Und obwohl der neue VW T-Roc in diesem Moment noch das kleinste SUV der Wolfsburger ist, macht seine Breite von 1,82 Meter ganz schön was her. Rundherum ist er mit Kunststoffbeplankungen versehen, damit die steinigen Wege abseits des Asphalts seine farbige Außenhaut nicht unnötig malträtieren. Insgesamt geht er zusätzlich auf Sicherheitsabstand zum Boden: 1,5 Zentimeter gegenüber dem Golf sind hier drin.

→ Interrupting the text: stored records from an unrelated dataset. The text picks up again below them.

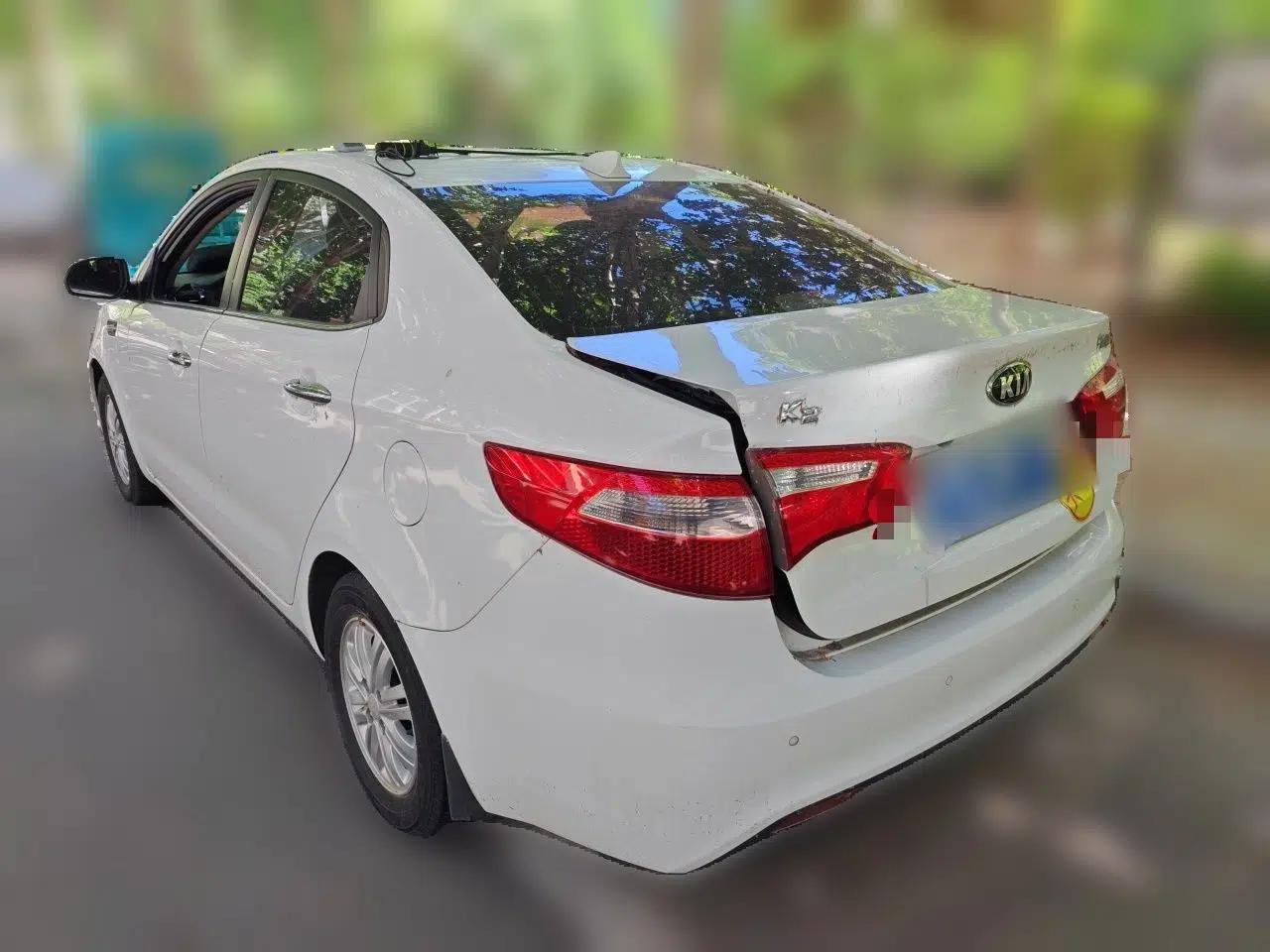 Kia K2 2011 Sedan 1.4L Manual Transmission GLS — миниатюра 4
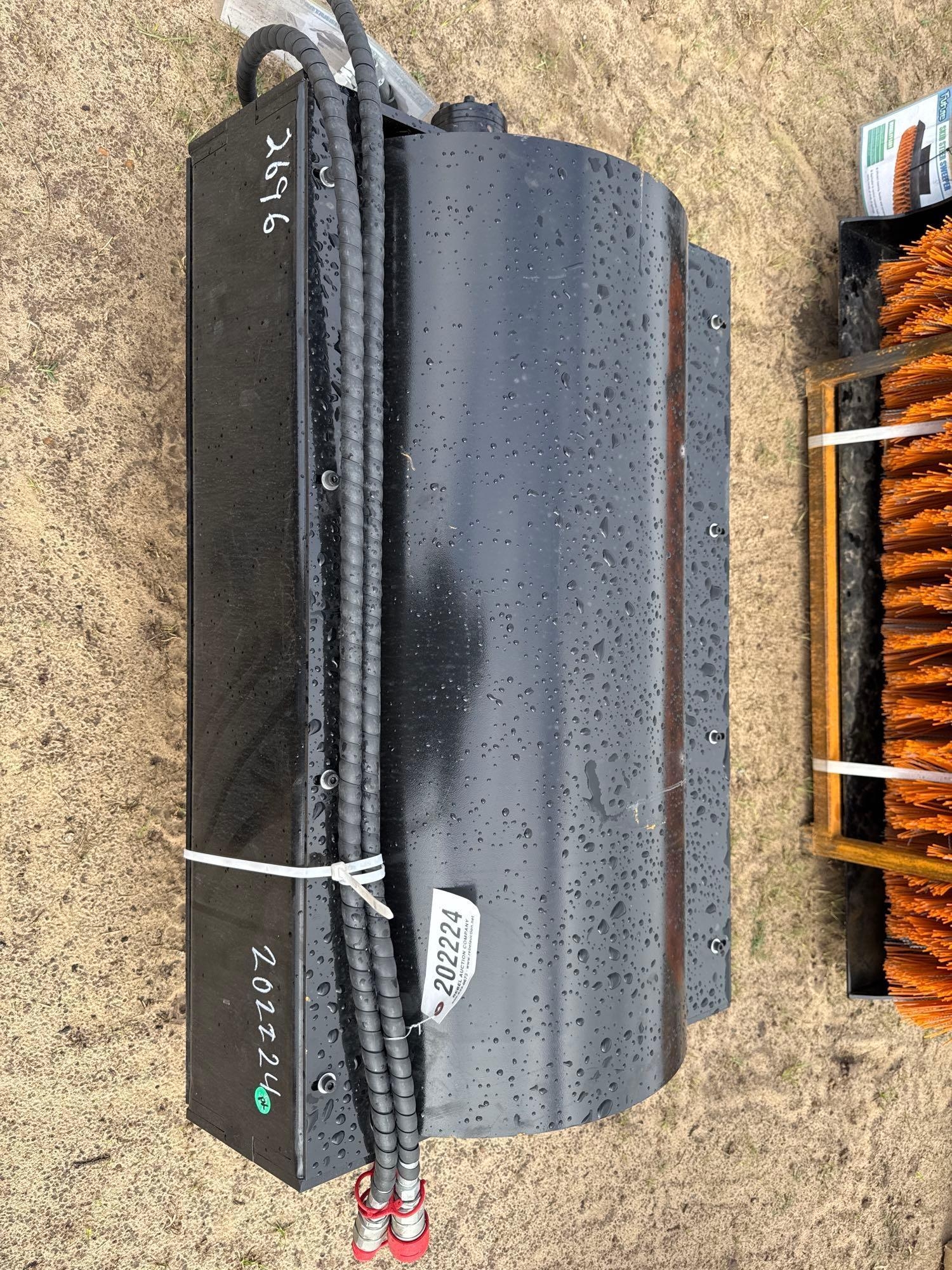 UNUSED FUTURE VR39 - 39" MINI HYD VIBRATORY ROLLER (A54757)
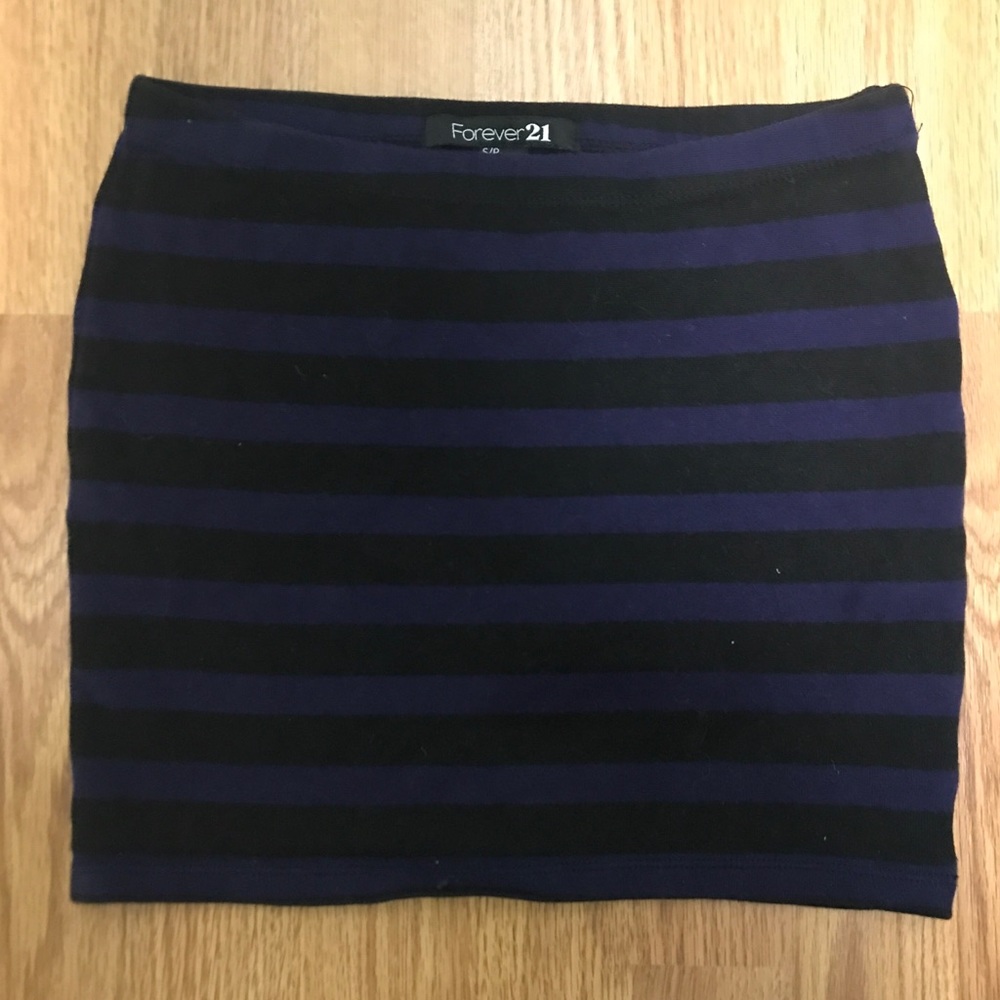 Striped mini skirt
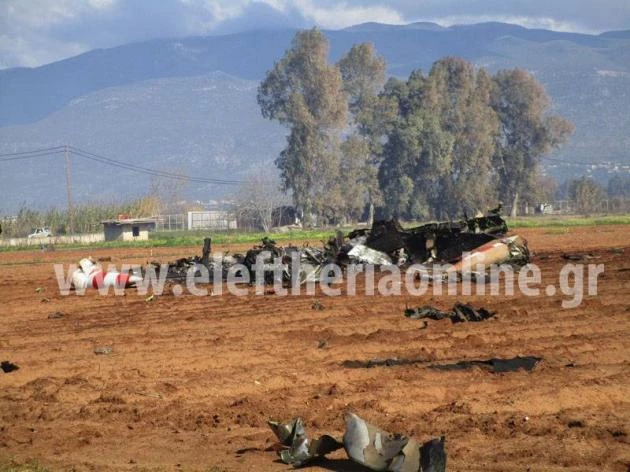 Πτώση Τ-2: Κόπηκε στα δύο το εκπαιδευτικό αεροσκάφος (βίντεο)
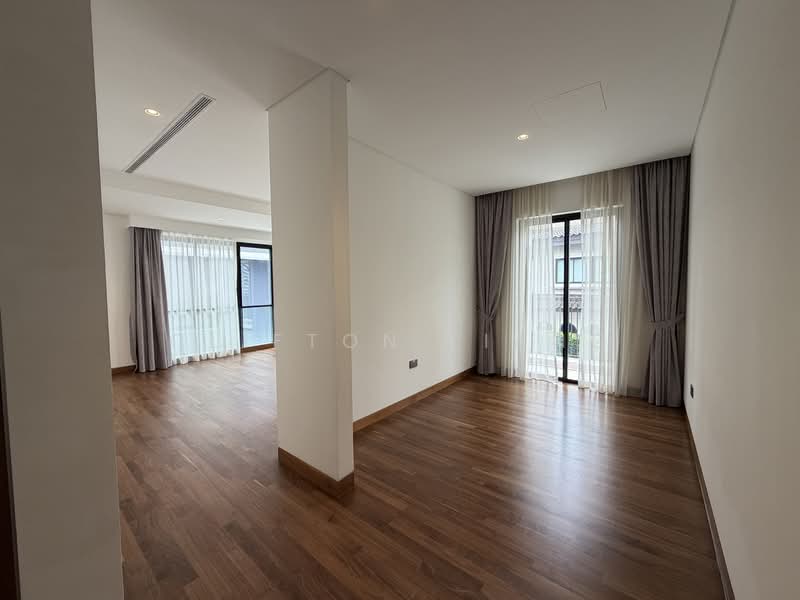 💫 TOP 21 Mount Rosie Detached Detached House For Sale at S$ 24,000,000 | PropertyGuru Singapore - Living Room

Da mein Testwagen in der Style-Ausführung konfiguriert ist, verzichtet er auf die roten Bremssättel und verfügt stattdessen über ein in Weiß gehaltenes Dach.

Perfekter Begleiter für den Schotterweg

Wer Stil und Flexibilität vereinen möchte, liegt mit dem VW T-Roc sicher nicht falsch. Er schaut gut aus, bietet im Interieur gute Platzverhältnisse auf Golf-Niveau und kann auch mal abseits befestigter Straßen eingesetzt werden. Doch da die Fensterflächen etwas kleiner sind, als die des Golf, fühlt man sich im T-Roc etwas gedrungener.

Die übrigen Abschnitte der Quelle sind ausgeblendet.